Mehr zu diesem Thema und der Werkstofftechnik findest du im Kurs: WT3-Werkstoffprüfung
Der Dauerschwingversuch oder auch Wöhlerversuch dient zur Untersuchung des Schwingverhaltens von Bauteilen über längere Zeit als Prüfverfahren. Mit Hilfe der Wöhlerkurve und dem Smith-Diagramm kann dieser Versuch ausgewertet werden.
Dauerschwingversuch – Grundlagen
Anders als beim Zugversuch, bei welchem eine einmalige, allmählich steigende Zugbelastung untersucht wird, betrachtet der Dauerschwingversuch auch das Werkstoffverhalten eines Bauteils bei einer wiederholenden Beanspruchung. Diese Beanspruchung ist dynamisch und zeichnet sich dadurch aus, dass sie schwellend und wechselnd auftritt.

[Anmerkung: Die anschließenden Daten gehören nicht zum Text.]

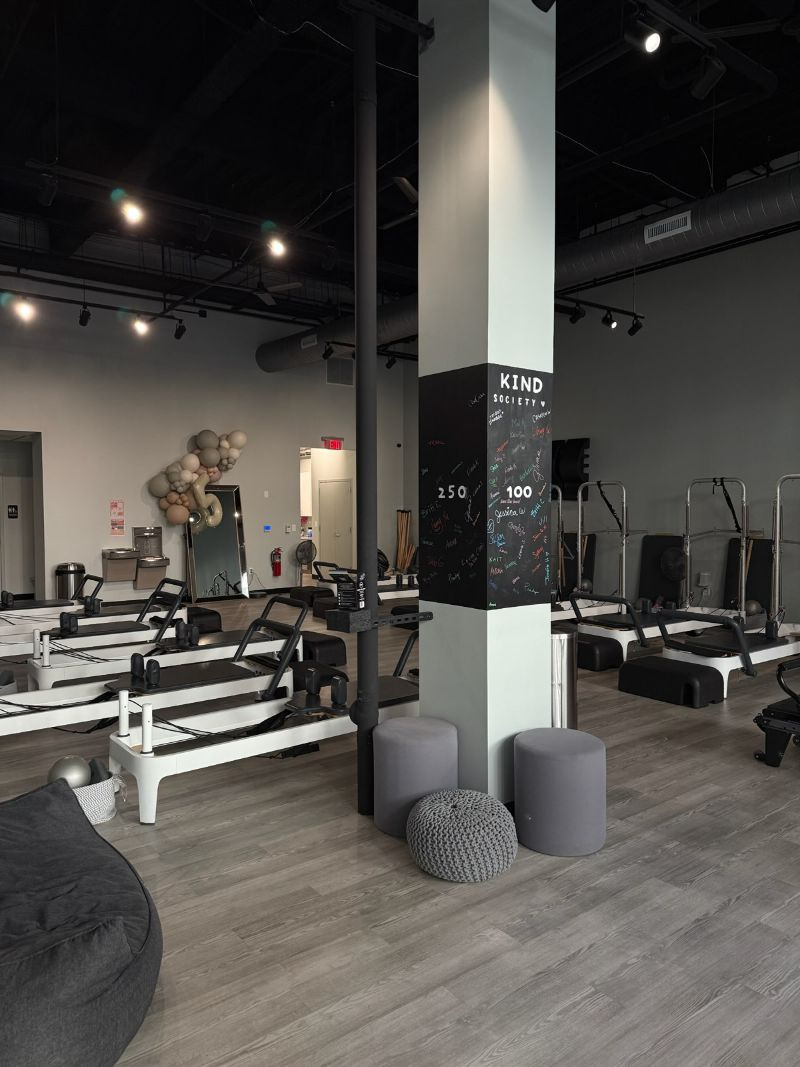 Pilates studio interior with exercise equipment, neutral colors, and column with logo.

Die Kurzzeitfestigkeit wird mit dem Dauerschwingversuch nicht ermittelt.
Werden Ständer, Fundamente oder Gehäuse vorwiegend statisch belastet, so unterliegen Wellen, Zahnräder, Federn und Achsen hauptsächlich einer dynamischen Belastung.
Organisatorisches
Organisiert ist der Dauerschwingversuch (Wöhlerversuch) in der DIN50100.”
Der Dauerschwingversuch bildet die Beanspruchung von Maschinenbauteilen genauer ab, als andere Verfahren. Denn eingebaute Maschinenbauteile sind im Betrieb regelmäßig Schwingungen ausgesetzt und müssen diesen auch über einen längeren Zeitraum unbeschadet standhalten.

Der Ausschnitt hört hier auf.